Matthew 17:24-27
This passage is nestled in between the second prediction of Jesus’s death and resurrection and the passage where the disciples ask who is the greatest in the kingdom of heaven. As such, it probably isn’t a passage that we’re exceptionally familiar with, which is part of why Wils picked it. (The fishing may also play a role.)
There is a temple tax for each adult Jewish male to support the temple. Think Per Capita if you’re a Presbyterian, apportionment if you’re a Methodist, or if you’re really old, you can think about pew rent. Peter is asked about this tax when Jesus and the disciples return to Capernaum, and then Jesus brings the tax up when they get “home.”

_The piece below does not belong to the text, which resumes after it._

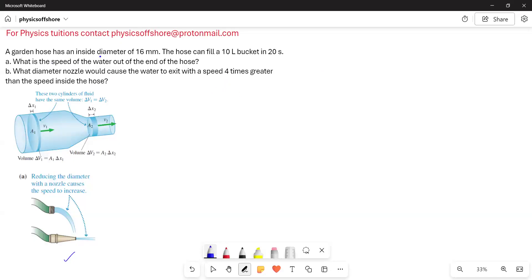A garden hose has an inside diameter of 16 millimeters. The hose can fill a 10-liter bucket in 20 seconds. Part A: What is the speed of the water out of the end of the hose? Part B: What diameter nozzle would cause the water to exit with a speed 4 times greater than the speed inside the hose?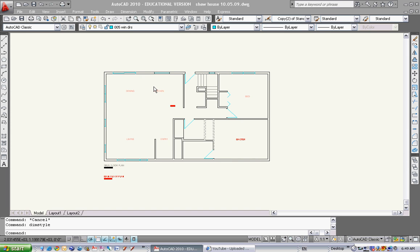Hey everybody. Today is the AutoCAD video from our fifth class together. Today we're going to focus on how to draw circles, do dimensions, and set up your dimension style.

Jesus wants to know who gets taxed when earthly kings tax people. There is a setup here for language we are familiar with, but perhaps we don’t think about it in this setting. Jesus asks who gets taxed – family or strangers. Peter answers “strangers.” Jesus then tells him that the children don’t have to pay.
And Jesus clearly wants us to think about being called children of God. The kids (children) of God don’t pay because the fund is to support them – their home, their house, their kingdom – as the family of God. Then, to avoid offending, Jesus sends Peter out fishing to catch a fish that will pay both their temple tax. (Again, Jesus pays a price for more than just himself.) Creation provides the fee. God’s creation provides the fee.
As children of God, we don’t pay to access the house of God. God chooses to make the presence, the power, the reality of God available to us, and to make that clear by calling us children of God.